The Catholic conference said the measure will "explicitly grant these unions the same status as marriage in state law."
"Marriage is not just any relationship between human beings. Marriage has been established by our Creator in harmony with the nature of man and woman and with its own essential properties and purpose," the conference said in a statement. "The church did not invent marriage and neither has any state.
"No ideology can erase from the human spirit," it continued, "the certainty that marriage exists solely between a man and a woman, who by personal gift, proper and exclusive to themselves, mutually commit to each other in order to cooperate with God in the procreation and upbringing of new human lives."
The conference said that besides essentially redefining marriage, the measure also "contains the potential for a serious conflict with religious liberty," and it urged policymakers to take such concerns seriously and work out "additional conscience protections" in the coming months.

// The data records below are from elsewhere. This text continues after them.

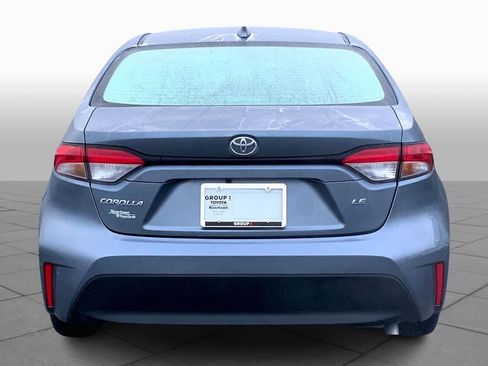Used 2025 Toyota Corolla LE w/ Convenience Package image 5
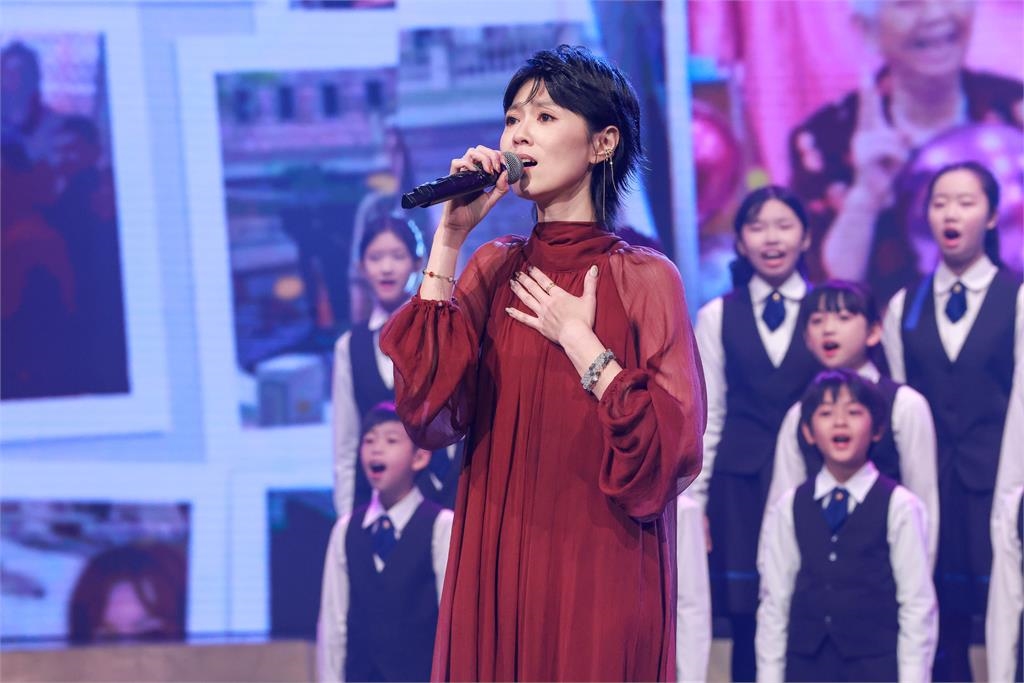 曹雅雯除夕夜「小愛昇華成大愛」!帶領合唱團感謝無名英雄幫助社會所有的人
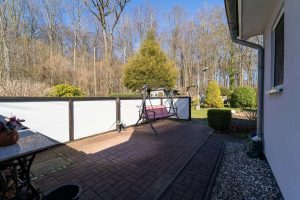 Außenansicht + Garten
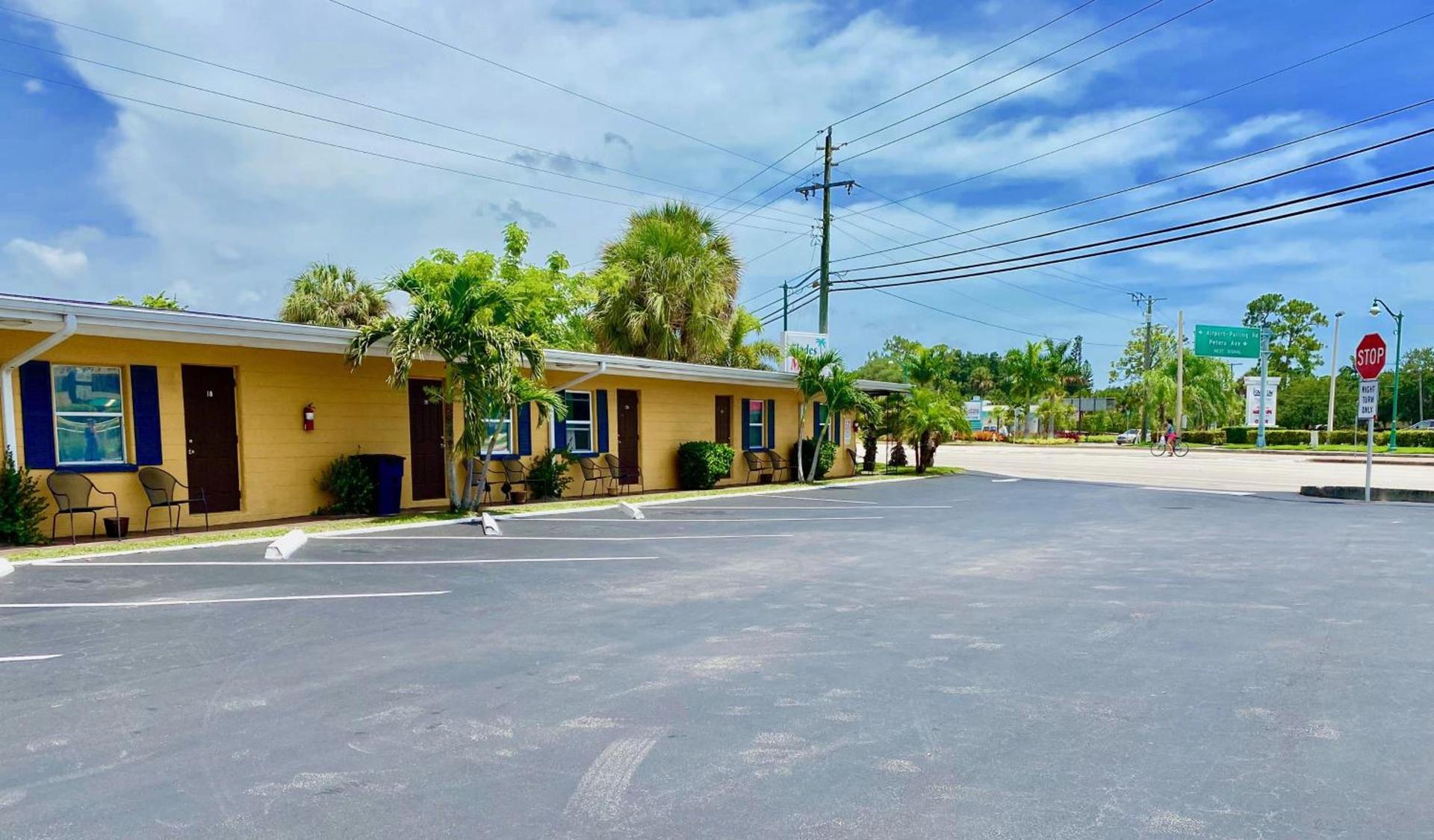 Glades Motel - Naples photo 5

While the bill states that nothing in its wording "should interfere with or regulate the religious practice of any religious body," the conference said that its language "may offer little protection in the context of litigation religious institutions may soon encounter in relation to charitable services, adoption and foster care.
In an earlier statement, the conference said that without "explicit protections for religious liberties," it expected the General Assembly or the courts will soon:
- Require faith-based institutions that provide adoption or foster care services "to place adoptive or foster children with couples who have entered into a same-sex civil union."
- Compel Catholic parishes or agencies that provide social services (including retreats, religious camps, homeless shelters, senior care centers and community centers) to make those services available to individuals in same-sex civil unions.
- Refuse "to protect small employers who do not wish to extend family benefits to employees in a same-sex civil union."
During debate on the bill, State Sen. Heather Steans, a Chicago Democrat, told her fellow lawmakers that passing the measure "makes a statement about the justice for which we stand."
But an opponent of the measure, State Sen. Chris Lauzen, a Republican from Aurora, questioned why lawmakers were focusing on civil unions and not spending their time addressing the state's high unemployment, home foreclosures, a big state debt and severe problems with its social services system.
The Chicago Tribune quoted Lauzen as saying: "We are the incompetent laughingstock of government mismanagement and misplaced priorities, and our one-party [Democratic] leadership spends our time on homosexual civil unions."